■ What you should do ■
With the pictures set aside, write out all of the data exactly as it stands.

■ Information shown ■
▬▬▬

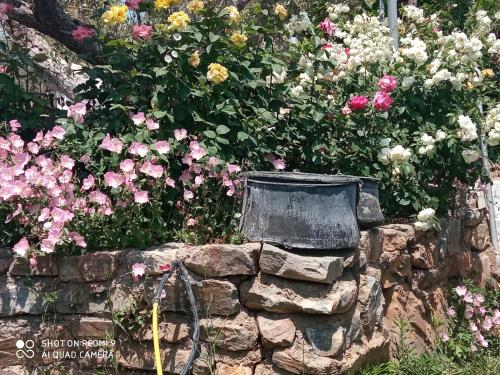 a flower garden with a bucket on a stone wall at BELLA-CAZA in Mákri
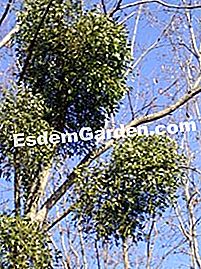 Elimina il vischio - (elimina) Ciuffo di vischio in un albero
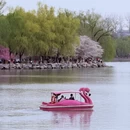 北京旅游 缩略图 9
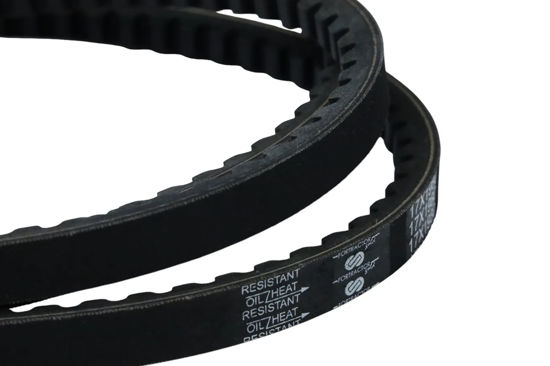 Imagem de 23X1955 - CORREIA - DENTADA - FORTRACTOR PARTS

▬▬▬

■ Expected answer ■
 a flower garden with a bucket on a stone wall at BELLA-CAZA in Mákri
 Elimina il vischio - (elimina) Ciuffo di vischio in un albero
 北京旅游 缩略图 9
 Imagem de 23X1955 - CORREIA - DENTADA - FORTRACTOR PARTS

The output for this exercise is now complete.